Initialize a Python Dictionary

  1. Use the Literal Syntax to Initialize a Dictionary in Python
  2. Use the dict() Constructor to Initialize a Python Dictionary
  3. Use the fromkeys() Method to Initialize a Python Dictionary
  4. Use a List of Tuples to Initialize a Python Dictionary
  5. Use Two Lists to Initialize a Python Dictionary

Python Dictionaries are ordered and changeable. Dictionaries do not allow the storage of duplicates.

In the versions Python 3.6 and below, dictionaries used to be unordered. After the introduction of Python 3.7+, dictionaries are ordered.

This tutorial will discuss different methods to initialize a dictionary in Python.

Use the Literal Syntax to Initialize a Dictionary in Python

A dictionary can be created and initialized using curly brackets {}, and it contains keys and values.

The following code uses literals to initialize a Python dictionary.

dict1 = {'X': 2, 'Y': 3, 'Z': 4}
print(dict1)

Output:

{'X': 2, 'Y': 3, 'Z': 4}

Use the dict() Constructor to Initialize a Python Dictionary

The dict() constructor can be used to initialize dictionaries from keyword arguments, or a solitary dictionary and its keyword arguments, or a solitary iterable of key-value pairs.

We can pass parameters in the dict() constructor and create a dictionary.

The following code uses the dict() constructor to initialize a dictionary in Python.

dict1 = dict(X=1, Y=2, Z=3)
print(dict1)

Output:

{'X': 1, 'Y': 2, 'Z': 3}

Use the fromkeys() Method to Initialize a Python Dictionary

The fromkeys() function can be used if all the keys have the same value.

The following code uses the fromkeys() method to initialize a Python dictionary.

dict1 = dict.fromkeys(['X', 'Y', 'Z'], 0)
print(dict1)

Output:

{'X': 0, 'Y': 0, 'Z': 0}

The dictionary can be initialized with values of all the keys as None, if no particular value is specified in the syntax.

dict1 = dict.fromkeys(['X', 'Y', 'Z'])
print(dict1)

Output:

{'X': None, 'Y': None, 'Z': None}

Use a List of Tuples to Initialize a Python Dictionary

A list of tuples can also be used to initialize a dictionary in Python. This method also uses the dict() constructor to implement this.

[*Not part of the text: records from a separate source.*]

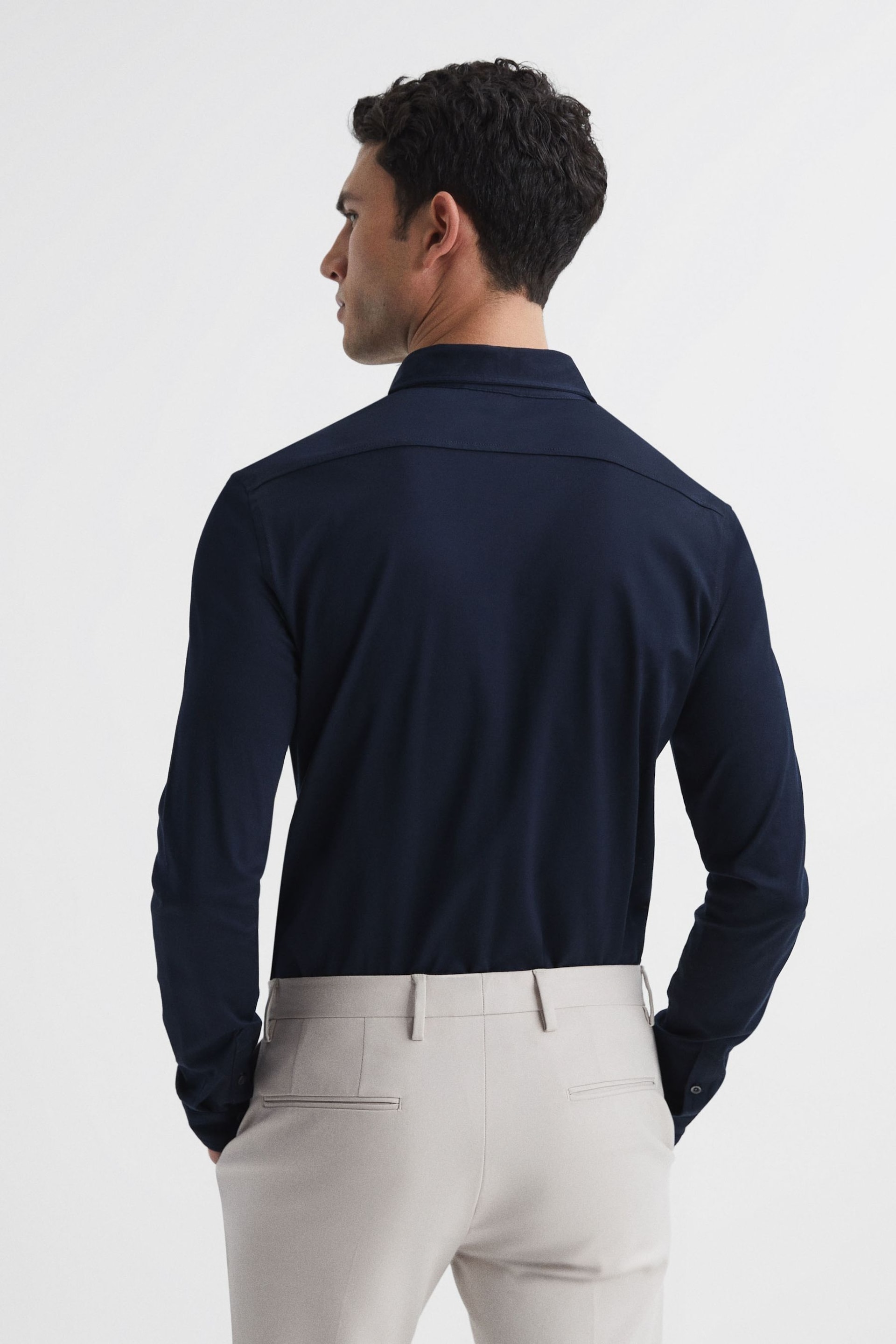 Reiss Navy King Mercerised Cotton Button-Through Shirt - Image 5 of 6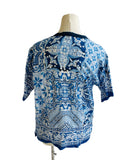 Dolce & Gabbana Linen Blue Majolica Print Shirt Sz 54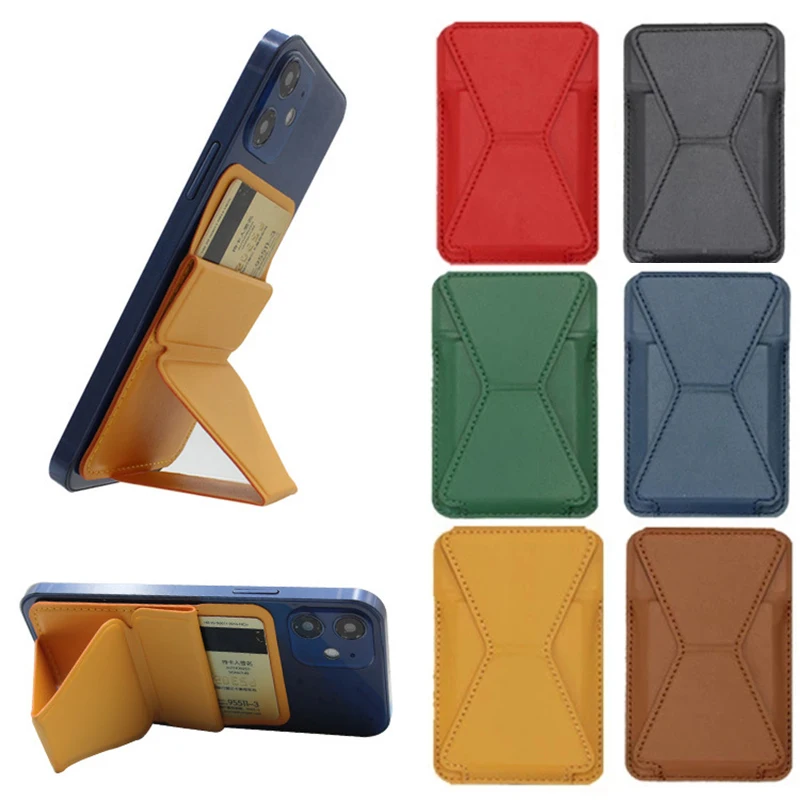 For iPhone Magsafe Magnetic Card Slots Holder Macsafe Case 12 Pro Max Mini Mag safe Cover Magnet Leather Wallet Stand | Мобильные
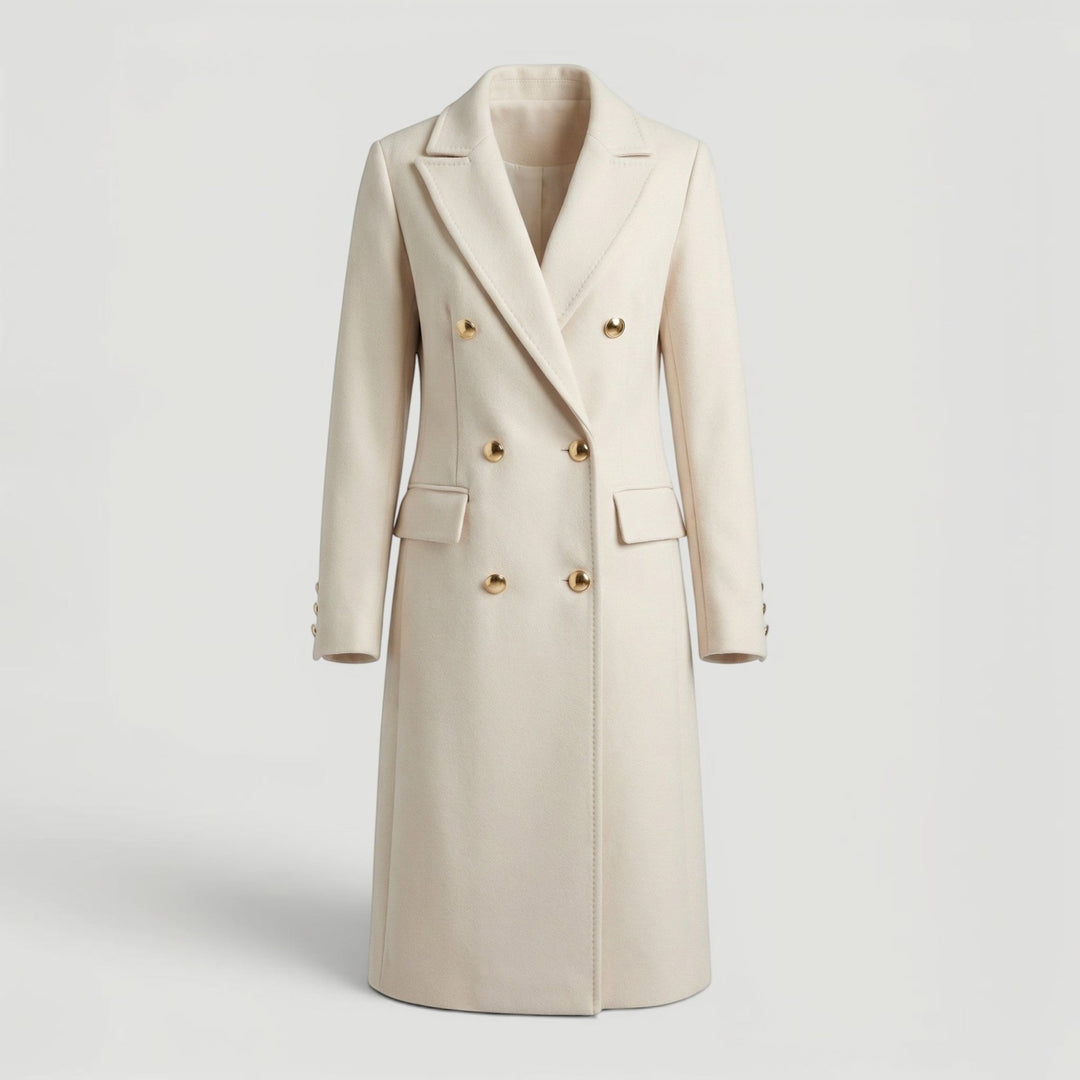 Versatile long-sleeve women's double-breasted jacket, a chic minimalist piece for everyday fashion.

A tuple is an ordered and immutable collection of objects. It can be utilized to stock multiple items in a single variable.

Lists are similar to tuples, with the only difference being that lists can be changed, and Tuples do not allow that.

The following code uses a list of tuples to initialize a dictionary in Python.

LOT = [("X" , 5), ("Y" , 6), ("Z" , 8)]
dict1 = dict(LOT)
print(dict1)

Output:

{'X': 5, 'Y': 6, 'Z': 8}

Use Two Lists to Initialize a Python Dictionary

In this case, we declare two lists, where the values of the first list are to be used as keys, and the second list is to be used as the values of the dictionary that we will initialize.

To implement the above statements, we can use the zip() function, which iterates over both the given lists in parallel.

The zip() function will create a key-value pair for all the entries in parallel and will successfully create a zipped object, which can then be passed to the dict() constructor to create a dictionary.

The following code uses two lists to initialize a dictionary in Python.

if __name__ == '__main__':
    
    L1 = ["X", "Y", "Z"]
    L2 = [5,6,8]
    dict1 = dict( zip(L1,L2) )
    print(dict1)

Output:

{'X': 5, 'Y': 6, 'Z': 8}

In this case, L1 is the list used as keys, and L2 is used as a list of values for the initialized dictionary.